:: INSTRUCTIONS TO FOLLOW ::
Every entry must be transcribed exactly as written.

:: GIVEN DATA ::
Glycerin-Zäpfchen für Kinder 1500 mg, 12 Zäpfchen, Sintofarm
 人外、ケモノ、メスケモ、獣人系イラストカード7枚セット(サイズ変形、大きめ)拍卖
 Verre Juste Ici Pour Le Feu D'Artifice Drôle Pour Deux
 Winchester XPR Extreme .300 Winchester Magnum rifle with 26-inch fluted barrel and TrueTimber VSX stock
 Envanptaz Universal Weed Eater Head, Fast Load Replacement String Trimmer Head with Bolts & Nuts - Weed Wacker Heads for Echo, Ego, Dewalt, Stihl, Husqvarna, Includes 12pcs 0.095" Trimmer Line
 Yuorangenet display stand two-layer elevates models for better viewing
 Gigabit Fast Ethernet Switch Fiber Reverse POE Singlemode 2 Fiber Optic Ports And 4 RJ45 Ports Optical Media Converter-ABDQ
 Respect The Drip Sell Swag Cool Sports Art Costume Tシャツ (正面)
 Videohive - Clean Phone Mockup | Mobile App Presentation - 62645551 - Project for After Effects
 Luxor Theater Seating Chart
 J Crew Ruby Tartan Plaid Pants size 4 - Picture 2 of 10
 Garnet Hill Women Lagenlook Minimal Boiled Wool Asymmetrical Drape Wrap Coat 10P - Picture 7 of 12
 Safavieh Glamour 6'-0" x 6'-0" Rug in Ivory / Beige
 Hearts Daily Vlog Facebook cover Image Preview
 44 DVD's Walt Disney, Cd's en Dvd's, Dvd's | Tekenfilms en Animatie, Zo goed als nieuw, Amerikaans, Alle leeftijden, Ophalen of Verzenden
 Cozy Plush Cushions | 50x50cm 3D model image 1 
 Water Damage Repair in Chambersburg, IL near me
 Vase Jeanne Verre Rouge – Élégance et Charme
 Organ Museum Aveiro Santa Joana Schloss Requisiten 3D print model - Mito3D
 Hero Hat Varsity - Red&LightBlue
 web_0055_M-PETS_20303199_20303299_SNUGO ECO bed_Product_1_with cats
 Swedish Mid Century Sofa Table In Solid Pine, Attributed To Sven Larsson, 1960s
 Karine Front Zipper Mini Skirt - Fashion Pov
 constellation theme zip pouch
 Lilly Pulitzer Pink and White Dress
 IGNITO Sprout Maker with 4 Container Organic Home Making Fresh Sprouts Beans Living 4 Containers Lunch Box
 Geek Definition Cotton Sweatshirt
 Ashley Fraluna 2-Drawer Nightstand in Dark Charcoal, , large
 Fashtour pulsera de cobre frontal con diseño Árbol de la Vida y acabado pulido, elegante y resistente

:: EXERCISE SOLUTION ::
Glycerin-Zäpfchen für Kinder 1500 mg, 12 Zäpfchen, Sintofarm
 人外、ケモノ、メスケモ、獣人系イラストカード7枚セット(サイズ変形、大きめ)拍卖
 Verre Juste Ici Pour Le Feu D'Artifice Drôle Pour Deux
 Winchester XPR Extreme .300 Winchester Magnum rifle with 26-inch fluted barrel and TrueTimber VSX stock
 Envanptaz Universal Weed Eater Head, Fast Load Replacement String Trimmer Head with Bolts & Nuts - Weed Wacker Heads for Echo, Ego, Dewalt, Stihl, Husqvarna, Includes 12pcs 0.095" Trimmer Line
 Yuorangenet display stand two-layer elevates models for better viewing
 Gigabit Fast Ethernet Switch Fiber Reverse POE Singlemode 2 Fiber Optic Ports And 4 RJ45 Ports Optical Media Converter-ABDQ
 Respect The Drip Sell Swag Cool Sports Art Costume Tシャツ (正面)
 Videohive - Clean Phone Mockup | Mobile App Presentation - 62645551 - Project for After Effects
 Luxor Theater Seating Chart
 J Crew Ruby Tartan Plaid Pants size 4 - Picture 2 of 10
 Garnet Hill Women Lagenlook Minimal Boiled Wool Asymmetrical Drape Wrap Coat 10P - Picture 7 of 12
 Safavieh Glamour 6'-0" x 6'-0" Rug in Ivory / Beige
 Hearts Daily Vlog Facebook cover Image Preview
 44 DVD's Walt Disney, Cd's en Dvd's, Dvd's | Tekenfilms en Animatie, Zo goed als nieuw, Amerikaans, Alle leeftijden, Ophalen of Verzenden
 Cozy Plush Cushions | 50x50cm 3D model image 1 
 Water Damage Repair in Chambersburg, IL near me
 Vase Jeanne Verre Rouge – Élégance et Charme
 Organ Museum Aveiro Santa Joana Schloss Requisiten 3D print model - Mito3D
 Hero Hat Varsity - Red&LightBlue
 web_0055_M-PETS_20303199_20303299_SNUGO ECO bed_Product_1_with cats
 Swedish Mid Century Sofa Table In Solid Pine, Attributed To Sven Larsson, 1960s
 Karine Front Zipper Mini Skirt - Fashion Pov
 constellation theme zip pouch
 Lilly Pulitzer Pink and White Dress
 IGNITO Sprout Maker with 4 Container Organic Home Making Fresh Sprouts Beans Living 4 Containers Lunch Box
 Geek Definition Cotton Sweatshirt
 Ashley Fraluna 2-Drawer Nightstand in Dark Charcoal, , large
 Fashtour pulsera de cobre frontal con diseño Árbol de la Vida y acabado pulido, elegante y resistente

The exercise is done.